=== Section Start ===

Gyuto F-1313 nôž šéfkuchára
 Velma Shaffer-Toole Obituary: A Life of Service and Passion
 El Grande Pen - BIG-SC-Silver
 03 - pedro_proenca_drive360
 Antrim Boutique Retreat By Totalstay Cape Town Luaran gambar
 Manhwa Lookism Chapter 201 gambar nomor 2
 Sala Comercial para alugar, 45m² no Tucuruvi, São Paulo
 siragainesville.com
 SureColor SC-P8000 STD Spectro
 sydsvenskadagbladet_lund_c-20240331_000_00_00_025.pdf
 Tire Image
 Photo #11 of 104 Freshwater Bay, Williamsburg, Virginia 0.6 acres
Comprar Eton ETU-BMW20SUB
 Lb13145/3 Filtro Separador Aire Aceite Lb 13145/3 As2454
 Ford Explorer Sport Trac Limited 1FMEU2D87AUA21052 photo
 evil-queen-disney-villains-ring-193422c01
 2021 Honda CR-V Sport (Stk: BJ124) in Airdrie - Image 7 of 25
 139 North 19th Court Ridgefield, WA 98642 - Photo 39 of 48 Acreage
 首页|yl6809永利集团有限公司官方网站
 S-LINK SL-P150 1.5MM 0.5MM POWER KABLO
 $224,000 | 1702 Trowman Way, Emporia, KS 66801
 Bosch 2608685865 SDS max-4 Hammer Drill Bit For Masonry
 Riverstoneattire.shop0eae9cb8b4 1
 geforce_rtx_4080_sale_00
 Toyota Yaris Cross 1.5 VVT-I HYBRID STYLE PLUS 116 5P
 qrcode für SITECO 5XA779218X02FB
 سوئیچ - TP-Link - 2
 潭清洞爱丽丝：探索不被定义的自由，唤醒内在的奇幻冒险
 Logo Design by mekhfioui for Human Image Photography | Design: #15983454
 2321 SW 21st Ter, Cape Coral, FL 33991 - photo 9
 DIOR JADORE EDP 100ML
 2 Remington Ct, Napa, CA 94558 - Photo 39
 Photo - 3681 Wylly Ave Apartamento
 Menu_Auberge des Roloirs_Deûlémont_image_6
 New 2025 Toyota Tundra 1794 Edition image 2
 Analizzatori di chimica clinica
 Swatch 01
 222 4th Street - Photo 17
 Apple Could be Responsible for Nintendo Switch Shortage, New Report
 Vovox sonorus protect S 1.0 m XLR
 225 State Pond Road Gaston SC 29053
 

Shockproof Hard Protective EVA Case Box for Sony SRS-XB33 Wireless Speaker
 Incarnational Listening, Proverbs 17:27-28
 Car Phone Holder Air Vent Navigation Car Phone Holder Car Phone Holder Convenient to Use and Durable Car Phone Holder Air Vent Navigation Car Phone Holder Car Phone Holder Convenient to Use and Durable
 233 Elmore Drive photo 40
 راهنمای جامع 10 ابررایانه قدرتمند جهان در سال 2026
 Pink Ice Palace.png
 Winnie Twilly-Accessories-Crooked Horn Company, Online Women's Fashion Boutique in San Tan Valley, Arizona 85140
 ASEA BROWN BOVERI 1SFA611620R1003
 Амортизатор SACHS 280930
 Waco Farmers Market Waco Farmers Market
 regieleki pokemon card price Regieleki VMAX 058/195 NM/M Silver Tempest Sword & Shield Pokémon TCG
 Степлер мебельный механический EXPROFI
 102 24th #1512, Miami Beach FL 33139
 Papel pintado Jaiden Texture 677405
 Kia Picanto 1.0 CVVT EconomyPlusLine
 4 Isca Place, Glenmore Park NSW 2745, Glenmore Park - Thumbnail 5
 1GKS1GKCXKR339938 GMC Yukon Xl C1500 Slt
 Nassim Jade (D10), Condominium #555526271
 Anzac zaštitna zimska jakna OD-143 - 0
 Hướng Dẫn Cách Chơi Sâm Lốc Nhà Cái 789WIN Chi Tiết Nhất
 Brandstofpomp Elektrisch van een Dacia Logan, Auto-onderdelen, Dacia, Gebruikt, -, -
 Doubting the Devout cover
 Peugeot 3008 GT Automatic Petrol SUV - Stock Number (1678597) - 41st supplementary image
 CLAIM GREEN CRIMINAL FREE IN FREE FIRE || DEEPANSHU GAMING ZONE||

=== Section End ===

PROBLEM:
Retype only the stretch of lines above starting at the one with "سوئیچ - TP-Link - 2" and stopping at the one with "222 4th Street - Photo 17", exactly as written, with both kept.

RESPONSE BOX:
 سوئیچ - TP-Link - 2
 潭清洞爱丽丝：探索不被定义的自由，唤醒内在的奇幻冒险
 Logo Design by mekhfioui for Human Image Photography | Design: #15983454
 2321 SW 21st Ter, Cape Coral, FL 33991 - photo 9
 DIOR JADORE EDP 100ML
 2 Remington Ct, Napa, CA 94558 - Photo 39
 Photo - 3681 Wylly Ave Apartamento
 Menu_Auberge des Roloirs_Deûlémont_image_6
 New 2025 Toyota Tundra 1794 Edition image 2
 Analizzatori di chimica clinica
 Swatch 01
 222 4th Street - Photo 17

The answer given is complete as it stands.